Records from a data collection
·····

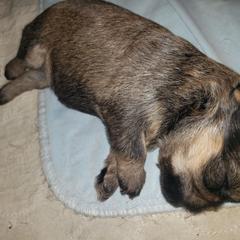 Sophie - Red female Brussels Griffon puppy in Nc, Florida from Brusseluv2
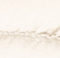 CREME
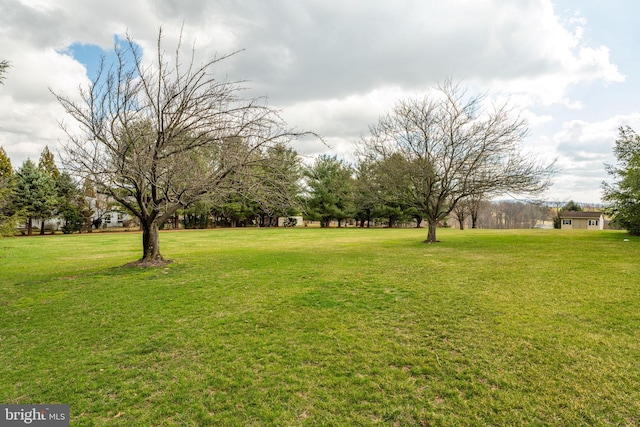 290 S Windy Mansion Rd, Denver, PA 17517 - view of green lawn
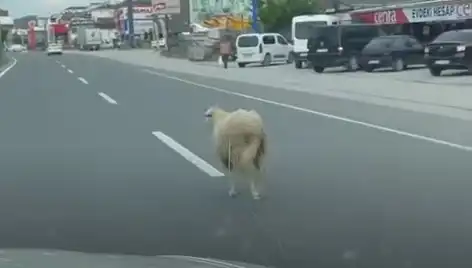 Yalova’da Kurbanlık Hayvan Kaçışı Trafikte Felakete Yol Açtı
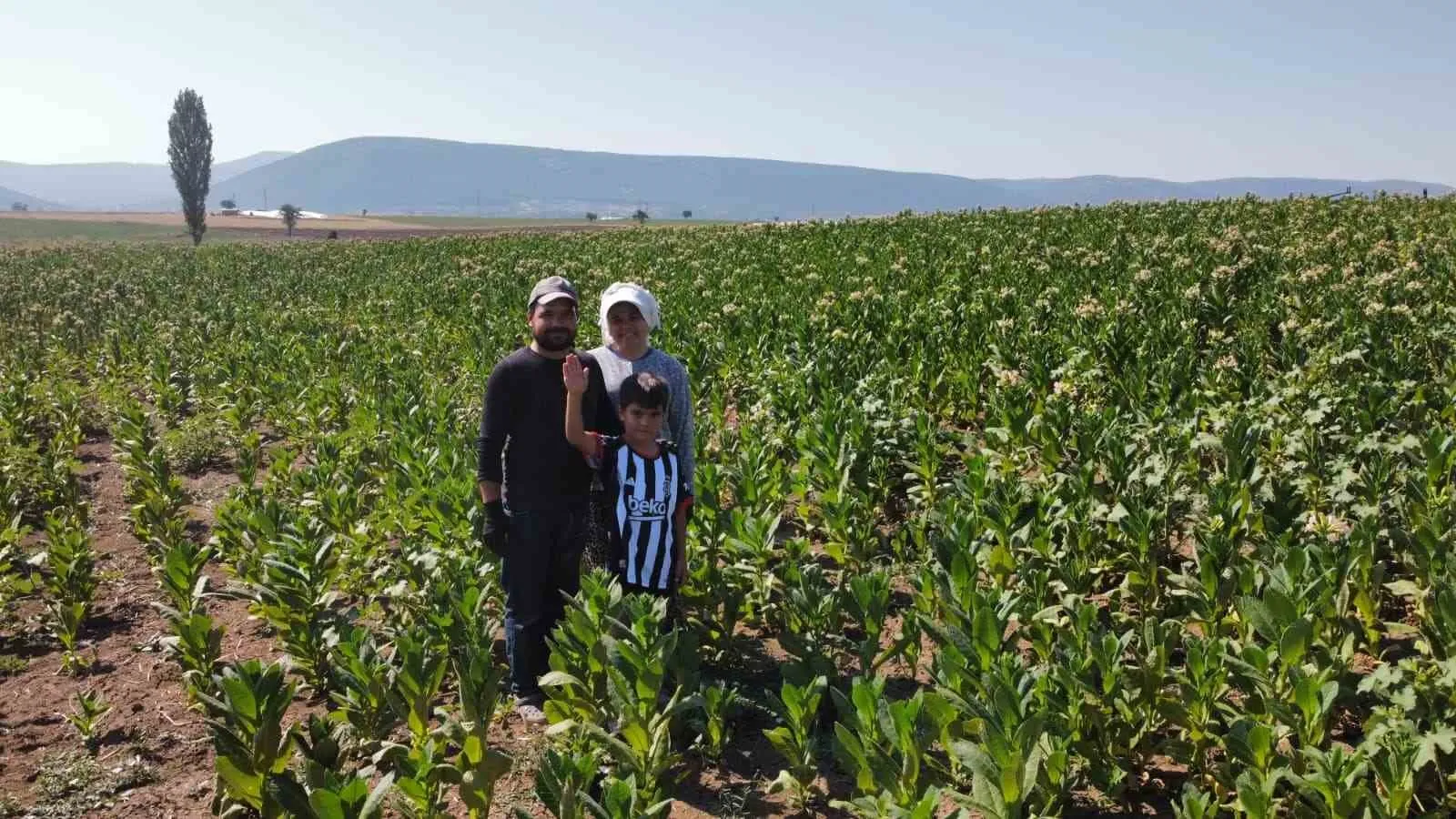 Aşkın en doğal hali: Tütün tarlasında başlayan ömürlük birliktelik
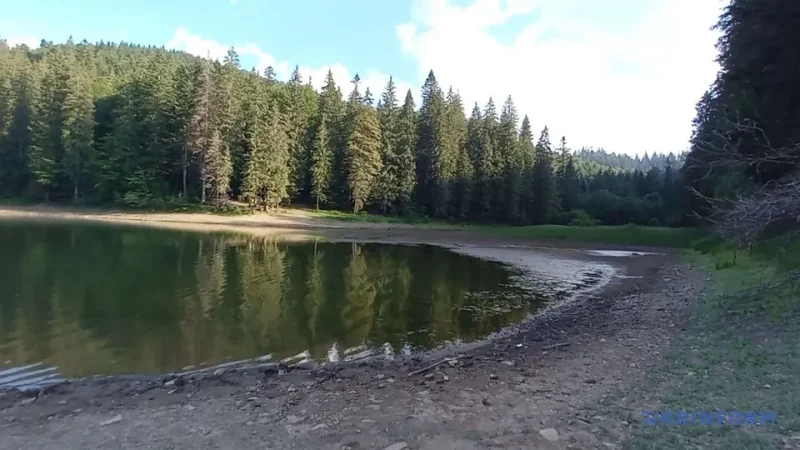 Найбільше гірське озеро України Синевир рекордно обміліло: причина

·····

Description of the task: Pictures are to be left out; the answer must otherwise be exactly the lines from the one with "Yalova’da Kurbanlık Hayvan" through the final line of the entries above, both included.

Your response:
 Yalova’da Kurbanlık Hayvan Kaçışı Trafikte Felakete Yol Açtı
 Aşkın en doğal hali: Tütün tarlasında başlayan ömürlük birliktelik
 Найбільше гірське озеро України Синевир рекордно обміліло: причина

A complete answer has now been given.